*** RECORDS FOR THE TASK ***

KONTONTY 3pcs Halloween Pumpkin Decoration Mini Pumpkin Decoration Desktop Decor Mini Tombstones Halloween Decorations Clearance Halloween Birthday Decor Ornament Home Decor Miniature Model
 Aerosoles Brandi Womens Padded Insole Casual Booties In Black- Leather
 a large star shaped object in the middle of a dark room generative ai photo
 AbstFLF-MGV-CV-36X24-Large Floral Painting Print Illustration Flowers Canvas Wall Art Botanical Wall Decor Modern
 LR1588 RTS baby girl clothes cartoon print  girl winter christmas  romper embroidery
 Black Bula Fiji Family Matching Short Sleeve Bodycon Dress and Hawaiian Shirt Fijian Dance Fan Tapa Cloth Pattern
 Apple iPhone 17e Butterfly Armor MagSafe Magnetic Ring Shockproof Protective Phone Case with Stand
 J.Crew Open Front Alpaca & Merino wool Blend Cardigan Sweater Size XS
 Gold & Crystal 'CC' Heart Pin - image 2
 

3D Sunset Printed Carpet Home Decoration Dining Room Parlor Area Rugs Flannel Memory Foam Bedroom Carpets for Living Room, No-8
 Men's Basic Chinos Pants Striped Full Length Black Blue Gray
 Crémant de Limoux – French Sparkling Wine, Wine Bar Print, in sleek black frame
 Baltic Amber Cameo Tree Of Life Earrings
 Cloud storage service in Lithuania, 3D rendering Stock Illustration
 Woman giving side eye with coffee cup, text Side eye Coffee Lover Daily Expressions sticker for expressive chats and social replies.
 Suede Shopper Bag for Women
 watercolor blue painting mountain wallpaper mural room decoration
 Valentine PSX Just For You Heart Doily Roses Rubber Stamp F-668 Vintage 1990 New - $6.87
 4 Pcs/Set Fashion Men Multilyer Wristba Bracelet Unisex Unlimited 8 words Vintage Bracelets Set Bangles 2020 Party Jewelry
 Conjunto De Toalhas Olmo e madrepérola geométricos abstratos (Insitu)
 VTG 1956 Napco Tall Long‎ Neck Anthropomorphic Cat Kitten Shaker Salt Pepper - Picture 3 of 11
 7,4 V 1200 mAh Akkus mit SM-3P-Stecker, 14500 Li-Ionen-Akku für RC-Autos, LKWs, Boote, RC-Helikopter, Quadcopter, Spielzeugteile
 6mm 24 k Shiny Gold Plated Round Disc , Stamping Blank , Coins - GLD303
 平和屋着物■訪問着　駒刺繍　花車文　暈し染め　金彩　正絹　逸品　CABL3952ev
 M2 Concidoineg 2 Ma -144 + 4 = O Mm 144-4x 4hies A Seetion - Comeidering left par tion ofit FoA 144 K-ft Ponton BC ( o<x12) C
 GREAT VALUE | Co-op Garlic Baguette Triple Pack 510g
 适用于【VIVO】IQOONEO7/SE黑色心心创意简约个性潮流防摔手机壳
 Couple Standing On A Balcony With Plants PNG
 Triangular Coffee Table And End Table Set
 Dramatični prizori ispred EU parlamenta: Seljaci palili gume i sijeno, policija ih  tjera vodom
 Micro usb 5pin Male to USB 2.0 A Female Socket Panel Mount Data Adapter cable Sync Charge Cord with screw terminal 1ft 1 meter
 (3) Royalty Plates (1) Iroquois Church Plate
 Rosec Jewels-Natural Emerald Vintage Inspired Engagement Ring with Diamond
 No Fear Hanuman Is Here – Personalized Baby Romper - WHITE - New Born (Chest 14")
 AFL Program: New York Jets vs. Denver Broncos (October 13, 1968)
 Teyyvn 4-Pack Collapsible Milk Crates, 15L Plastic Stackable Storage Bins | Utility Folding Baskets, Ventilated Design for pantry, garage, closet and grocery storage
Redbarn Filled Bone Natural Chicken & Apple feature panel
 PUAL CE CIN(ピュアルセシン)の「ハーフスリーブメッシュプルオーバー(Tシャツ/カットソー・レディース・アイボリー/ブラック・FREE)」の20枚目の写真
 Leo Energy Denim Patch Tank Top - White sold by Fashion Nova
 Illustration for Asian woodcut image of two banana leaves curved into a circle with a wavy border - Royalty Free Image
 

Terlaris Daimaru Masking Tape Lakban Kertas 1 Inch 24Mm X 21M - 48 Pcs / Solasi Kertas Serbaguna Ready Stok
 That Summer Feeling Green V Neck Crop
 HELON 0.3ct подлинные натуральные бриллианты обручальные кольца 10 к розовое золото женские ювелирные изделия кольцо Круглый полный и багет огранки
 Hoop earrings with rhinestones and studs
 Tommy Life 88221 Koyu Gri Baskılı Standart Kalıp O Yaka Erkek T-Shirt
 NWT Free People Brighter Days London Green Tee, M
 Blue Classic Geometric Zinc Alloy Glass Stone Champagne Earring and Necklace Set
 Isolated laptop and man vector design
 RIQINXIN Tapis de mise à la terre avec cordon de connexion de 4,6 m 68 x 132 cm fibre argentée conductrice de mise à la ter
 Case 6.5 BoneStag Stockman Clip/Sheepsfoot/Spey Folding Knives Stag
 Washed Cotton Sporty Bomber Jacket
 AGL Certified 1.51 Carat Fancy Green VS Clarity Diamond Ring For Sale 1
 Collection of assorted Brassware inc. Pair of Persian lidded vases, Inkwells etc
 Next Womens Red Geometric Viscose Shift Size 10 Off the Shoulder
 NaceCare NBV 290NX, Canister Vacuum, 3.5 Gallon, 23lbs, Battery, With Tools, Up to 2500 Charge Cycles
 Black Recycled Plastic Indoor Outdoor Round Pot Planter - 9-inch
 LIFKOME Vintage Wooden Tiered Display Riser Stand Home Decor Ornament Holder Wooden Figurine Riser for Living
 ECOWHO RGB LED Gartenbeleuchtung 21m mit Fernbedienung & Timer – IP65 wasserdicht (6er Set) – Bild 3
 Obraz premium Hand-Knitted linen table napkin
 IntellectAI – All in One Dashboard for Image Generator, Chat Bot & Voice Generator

***

▶ _EXERCISE PROMPT_
Please output exactly the lines between the one holding "Tommy Life 88221" and the one holding "AGL Certified 1.51" in the records above, inclusive, and nothing more.

▶ _PROBLEM SOLUTION_
 Tommy Life 88221 Koyu Gri Baskılı Standart Kalıp O Yaka Erkek T-Shirt
 NWT Free People Brighter Days London Green Tee, M
 Blue Classic Geometric Zinc Alloy Glass Stone Champagne Earring and Necklace Set
 Isolated laptop and man vector design
 RIQINXIN Tapis de mise à la terre avec cordon de connexion de 4,6 m 68 x 132 cm fibre argentée conductrice de mise à la ter
 Case 6.5 BoneStag Stockman Clip/Sheepsfoot/Spey Folding Knives Stag
 Washed Cotton Sporty Bomber Jacket
 AGL Certified 1.51 Carat Fancy Green VS Clarity Diamond Ring For Sale 1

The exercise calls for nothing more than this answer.